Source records
===============
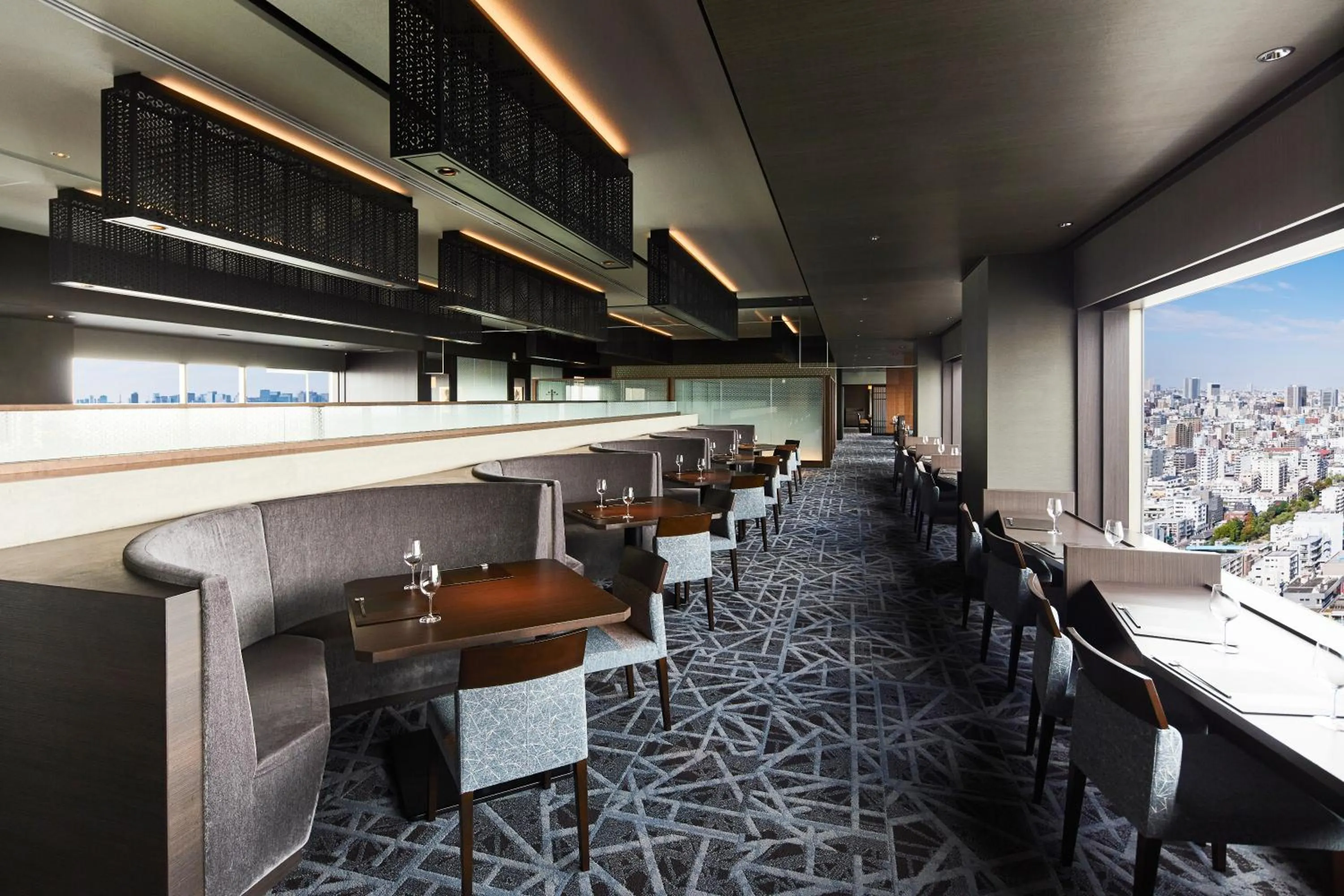 Restaurant/places to eat in Tobu Hotel Levant Tokyo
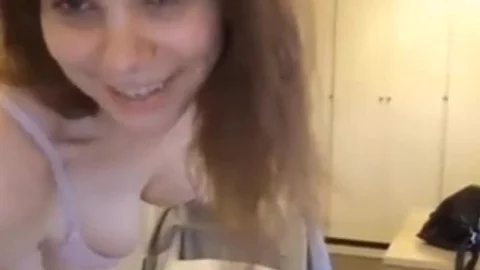Sexy Tgirl Tease Her Shecock On Cam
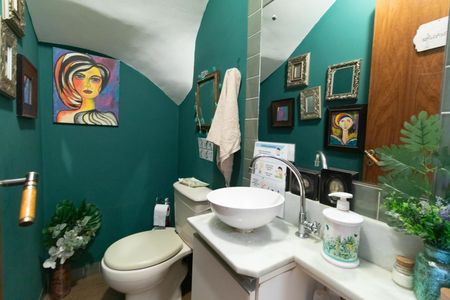 Casa à venda com 244m², 3 quartos e 2 vagasLavabo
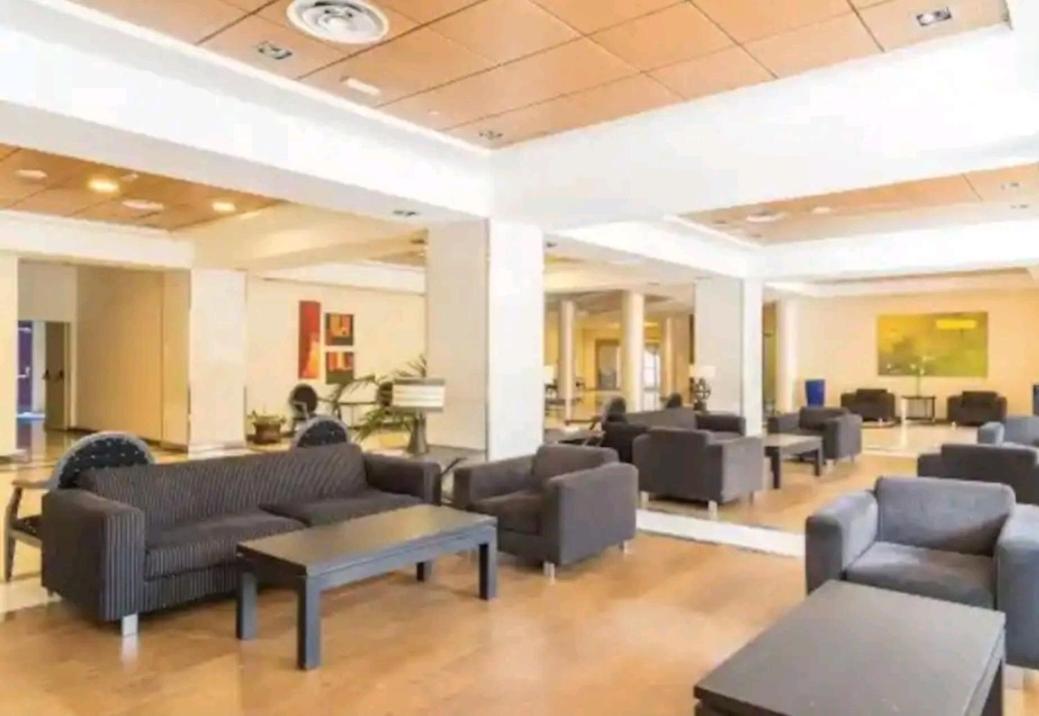Elegante Alojamiento Con Piscina A 200 M Del Mar. Lejlighed Benalmádena Eksteriør billede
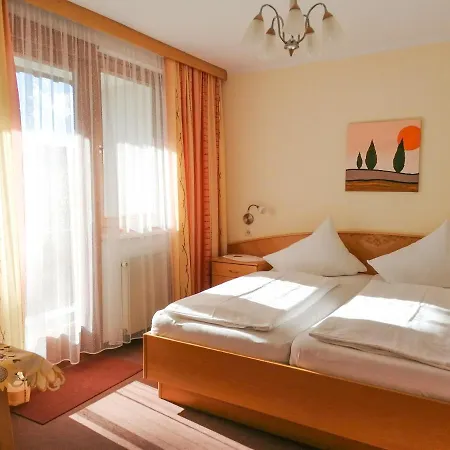 Konukevi Strandpension Liane 3*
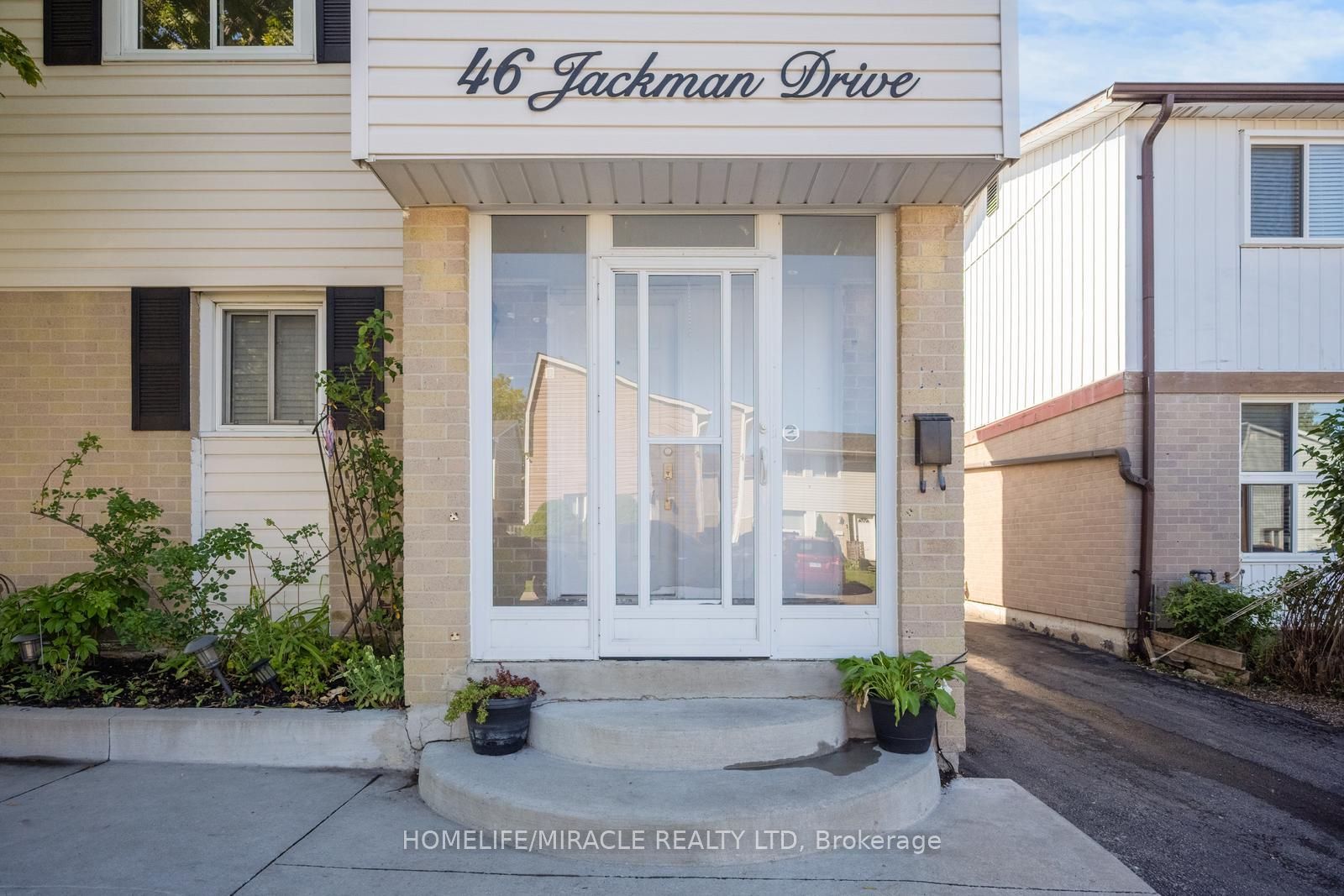 46 Jackman Drive, Brampton, ON L6S 2L9 photo 2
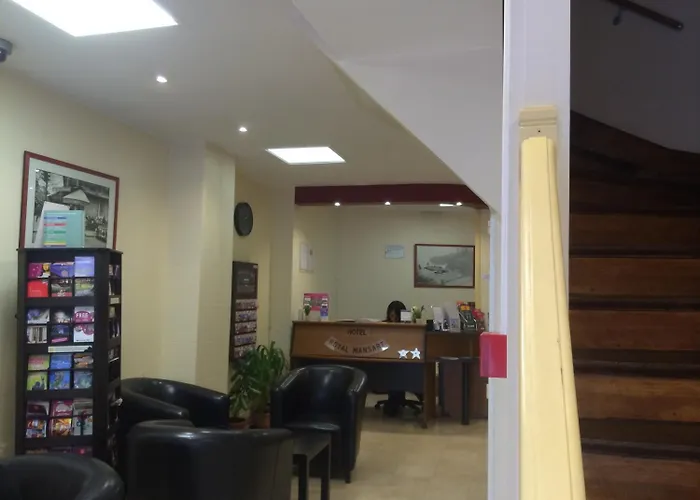 Hotel Royal Mansart 2*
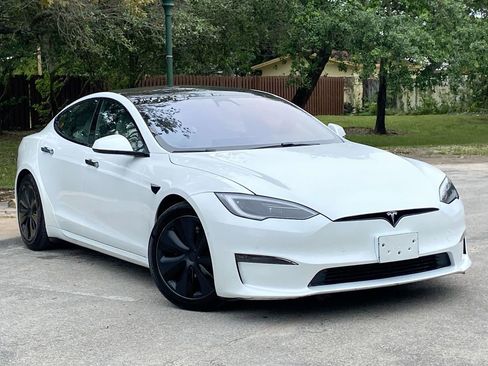 Used 2023 Tesla Model S Standard Range image 3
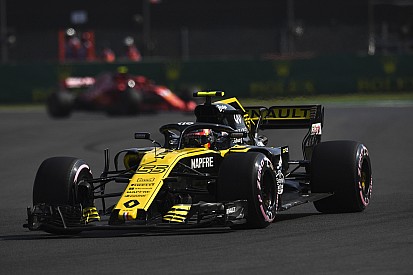 Sainz: Renault'nun Mercedes ve Ferrari'nin önünde olması aldatıcı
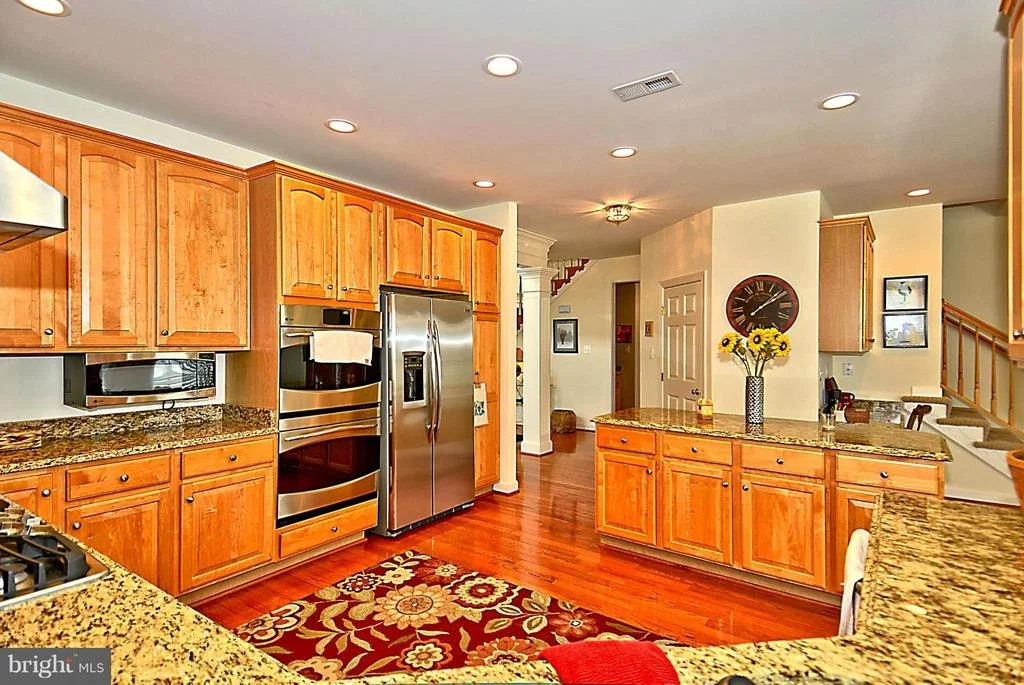 Photo of 16529 HARBOUR TOWN DRIVE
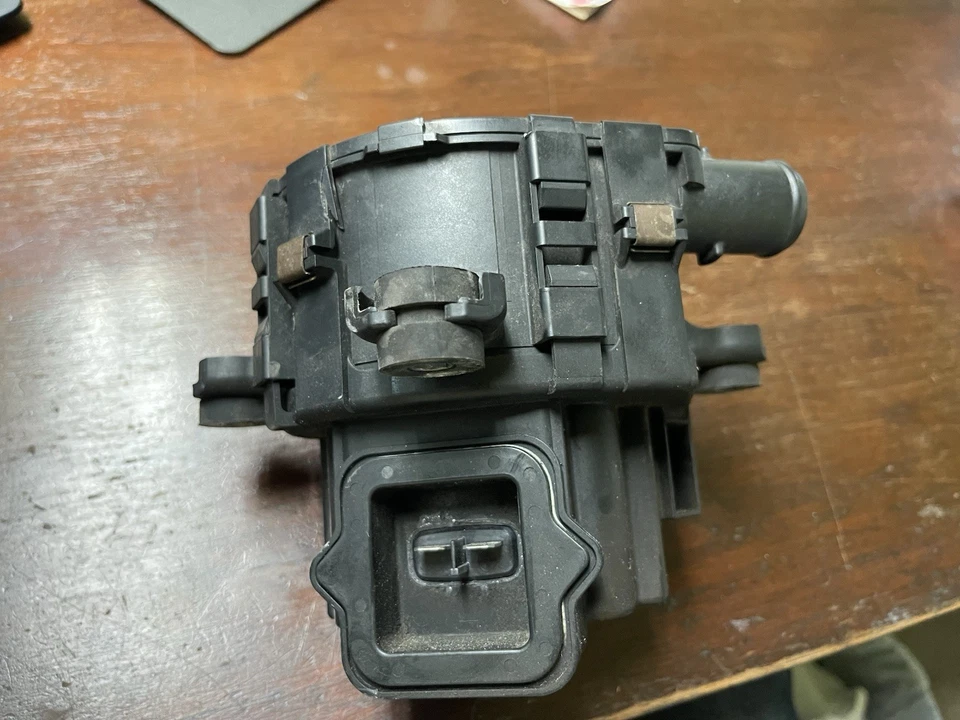 Bomba de inyección de aire Forester XT 2008-2021 Subaru WRX, STI, Outback XT Foto 2 de 3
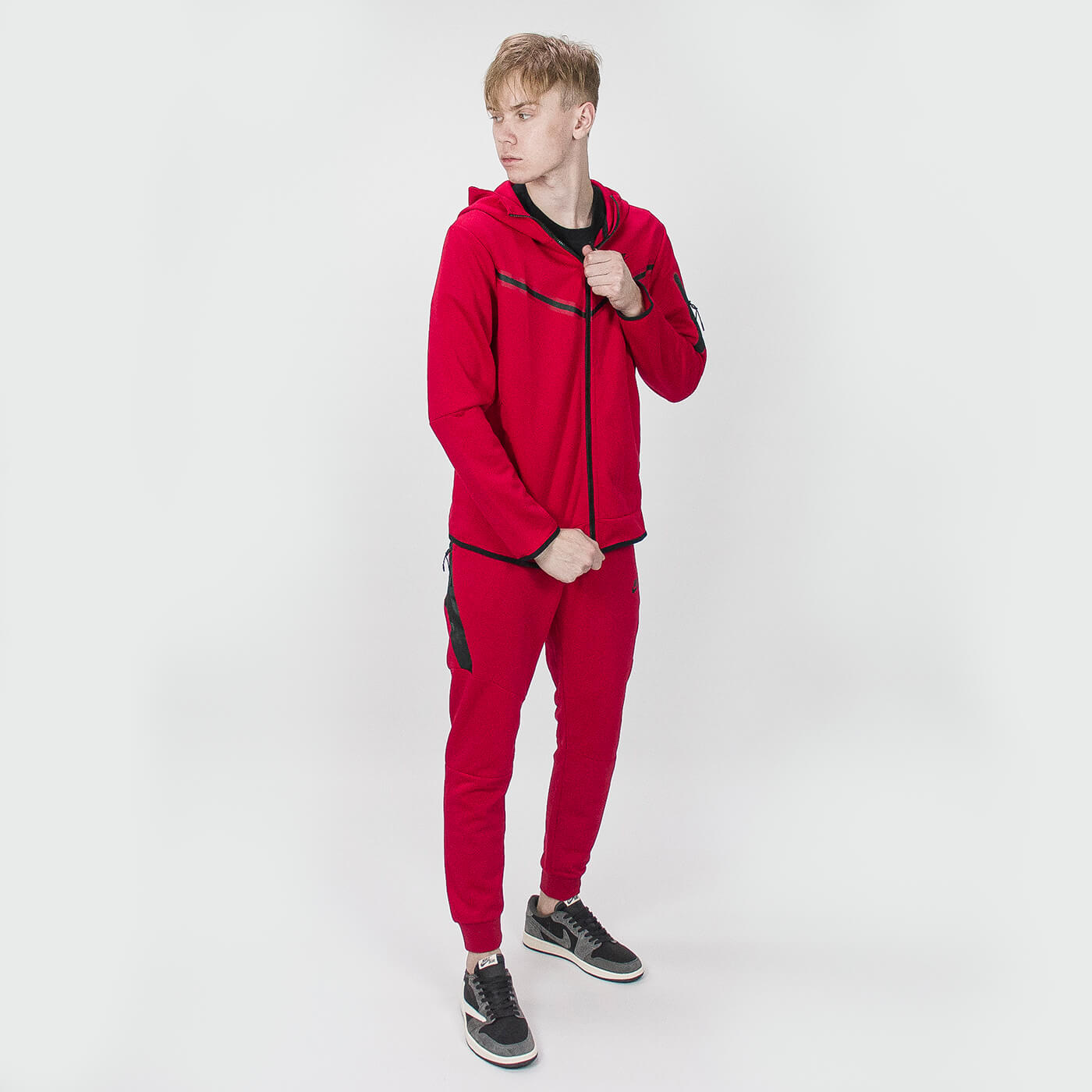 Толстовка Nike Red Толстовка Nike Red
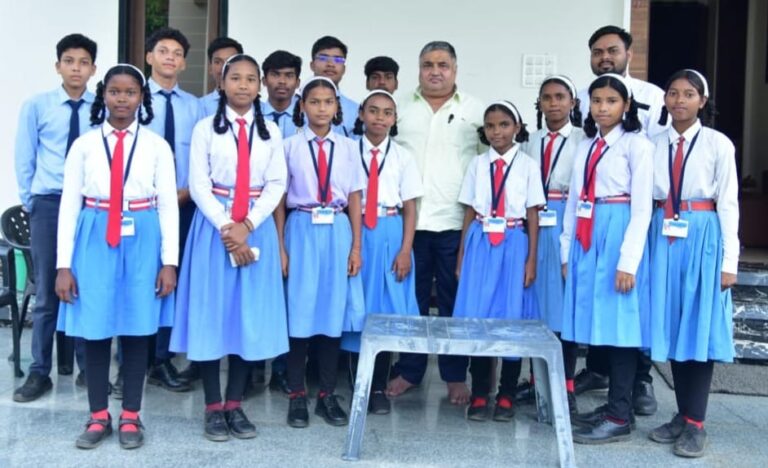 बच्चों के सपनों में दिखी विकसित भारत की नई तस्वीर, मंत्री श्री राजेश अग्रवाल ने कहा—युवा पीढ़ी है राष्ट्र की आधारशिला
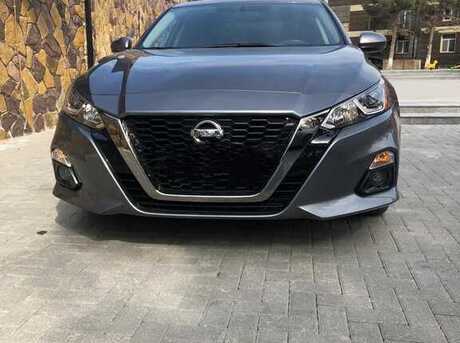 Nissan Altima 2021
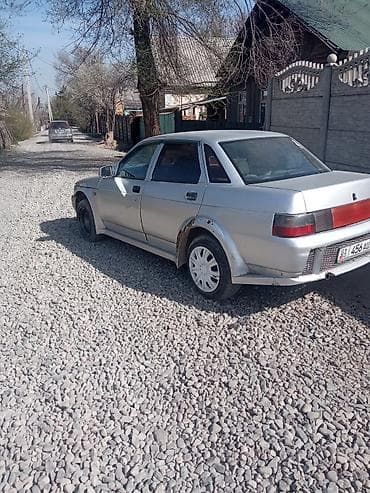 haima 3: Легковой автомобиль седан, серебристый цвет, 4 двери. Особенности и — 1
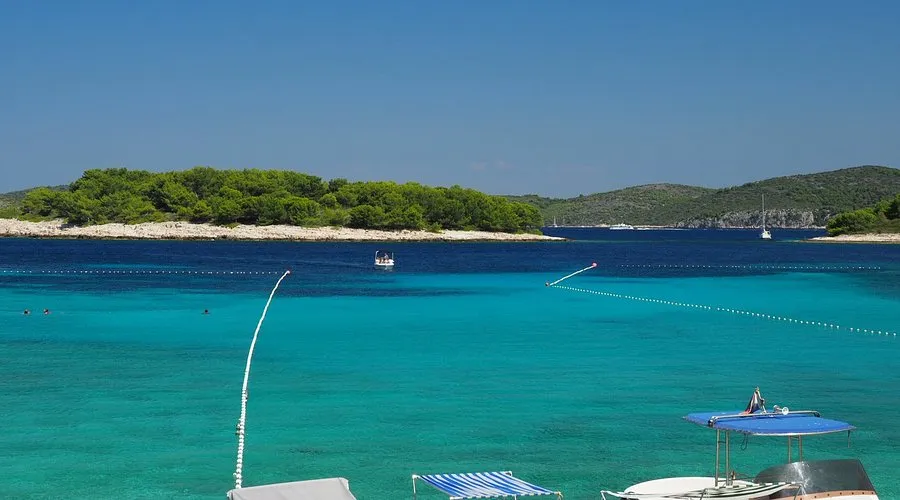 Mlini Bay, stop in Hvar town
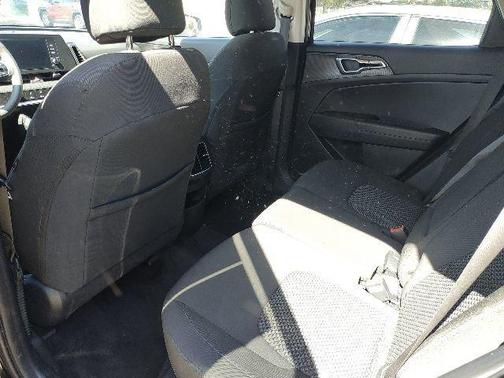 Fusion Black 2025 Kia Sportage LX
===============
_Required work_. From the line with "बच्चों के सपनों" to the final line of the records, inclusive, set down the lines exactly and add nothing; leave every picture out.

_Solution for this problem_.
 बच्चों के सपनों में दिखी विकसित भारत की नई तस्वीर, मंत्री श्री राजेश अग्रवाल ने कहा—युवा पीढ़ी है राष्ट्र की आधारशिला
 Nissan Altima 2021
 haima 3: Легковой автомобиль седан, серебристый цвет, 4 двери. Особенности и — 1
 Mlini Bay, stop in Hvar town
 Fusion Black 2025 Kia Sportage LX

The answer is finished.